Various RC materials have been developed for human body cooling in different indoor or outdoor scenarios8–16. According to their cooling mechanism, RC materials can be categorized into two types, transmission-type RC materials mainly used in indoor scenarios (Fig. 1a), and emission-type RC materials mainly used in outdoor scenarios (Fig. 1b). The transmission-type RC textile is transparent to human body radiation in the mid-infrared (MIR) waveband (Fig. 1d)5,6,8. Thus, human bodies (~ 34 ℃) can be cooled by directly dissipating heat through this textile into surrounding environments with low temperature, which has been proven to be the optimal choice for indoor radiative human body cooling8,17. In comparison, an emission-type RC textile emits the human heat into the cold outer space via the atmospheric window (8–13 µm) (Fig. 1e)17–22. Direct heat exchange with outer space and high solar reflection endow emission-type RC materials with the ability to achieve sub-ambient cooling effect under strong direct sunlight, making them an ideal choice for outdoor human body cooling12,15,16,23−26.

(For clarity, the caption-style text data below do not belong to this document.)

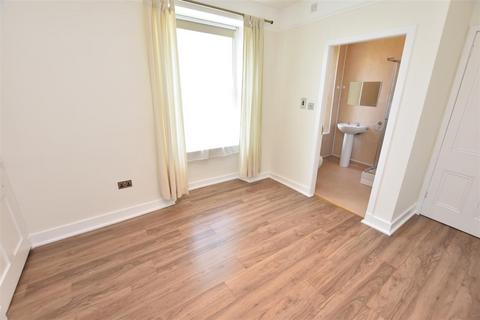 Menin-gate Ferry Road, Beauly, IV4 7EA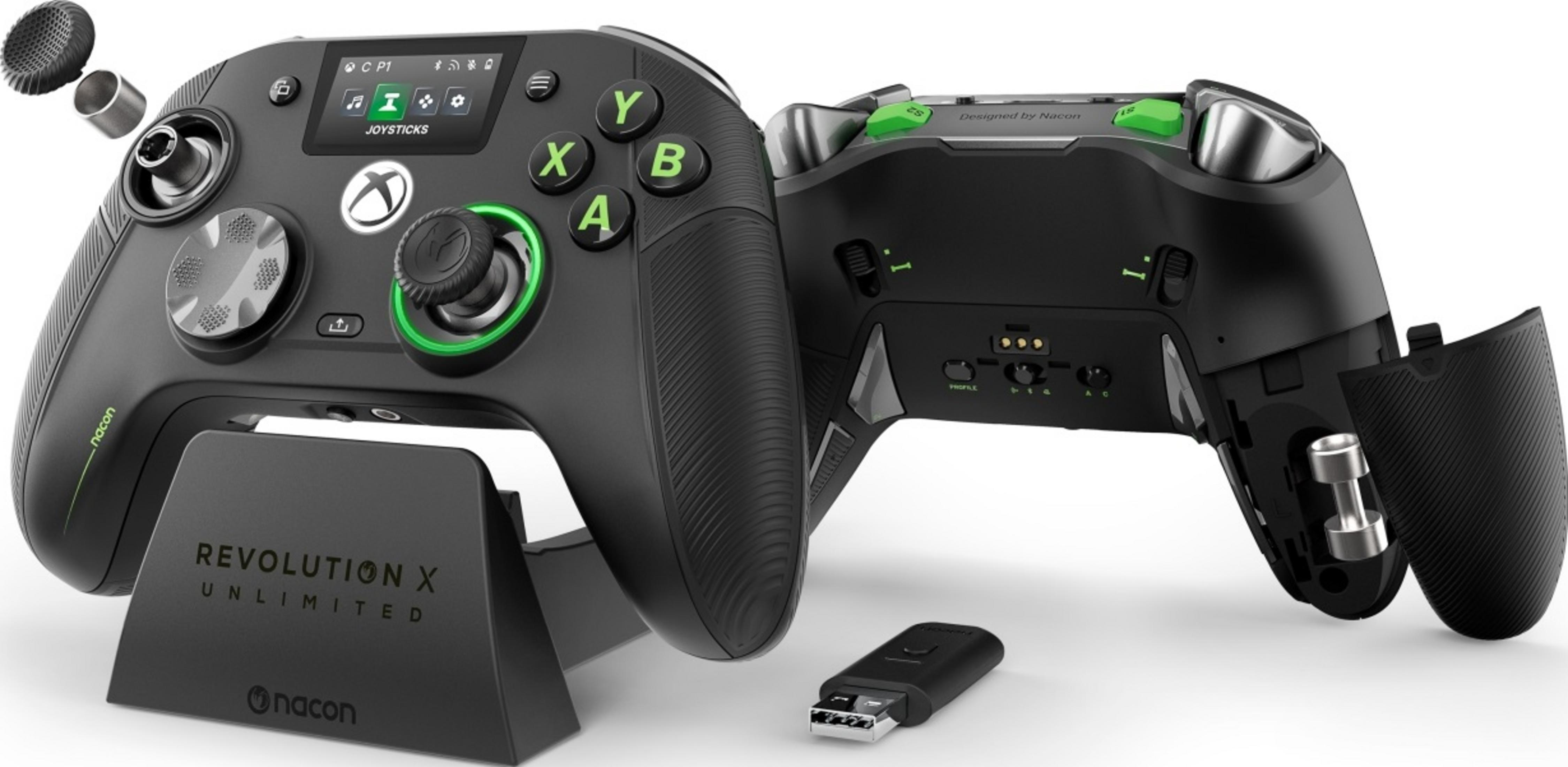 Zwei schwarze Nacon Revolution X Controller mit grünen Akzenten auf einem Ständer.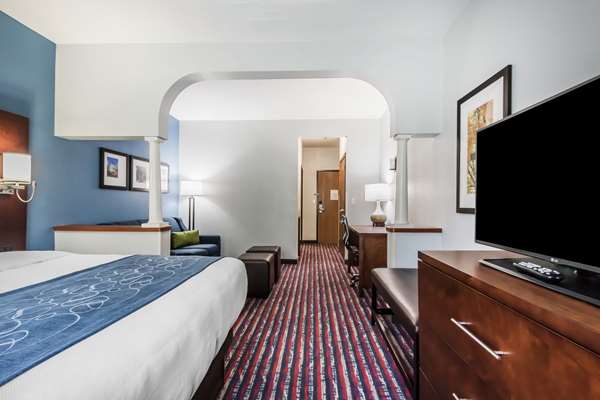 Suite - Comfort Suites St Charles - I-70, Exit 229B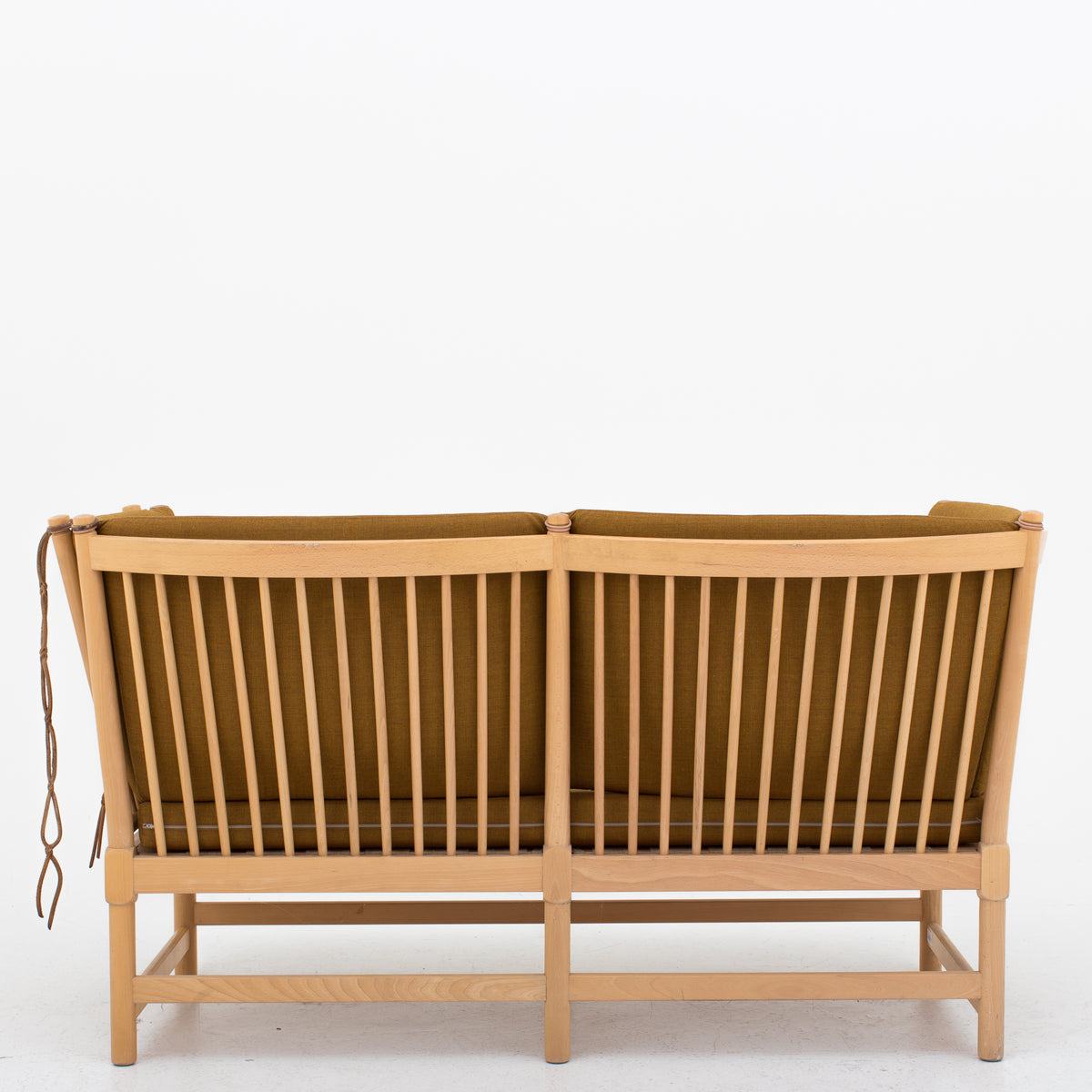 BM 1789 - Spoke-back sofa in Canvas textile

It will be ideal for RC materials to enable effective human body cooling for both outdoor and indoor scenarios. However, for the transmission-type RC materials, they exhibit poor cooling performance when exposed to a hot outdoor scenario due to the massive solar thermal load (low solar reflectance) caused by thin thickness limitation5,9,27,28. Although several efforts have been made to improve the solar reflectance of such materials10,17, balancing human body compatibility (such as harmlessness and comfortability) and high cooling performance remains a challenge. Also, for the emission-type RC materials to enable high cooling performance, there need to be a clear atmospheric window to send the radiative heat to the outer space. Therefore, when they are used in indoor scenarios, as the channel for radiative heat transfer into the outer space does not exist, the cooling performance is largely compromised8. In addition, even for the outdoor scenario, this atmospheric window is partially or completely blocked during cloudy days, leading to substantially decreased cooling performance29–31. Therefore, to design a multi-scenario RC material that possess high cooling performances in various scenarios, including cloudy outdoor, sunny outdoor, and indoor, it is critical but remain challenging to precisely tune the optical properties of a material in multiple wavelength bands (including the atmospheric window, non-window of MIR, and solar wavebands) to combine the advantages of both emission-type and transmission-type RC materials.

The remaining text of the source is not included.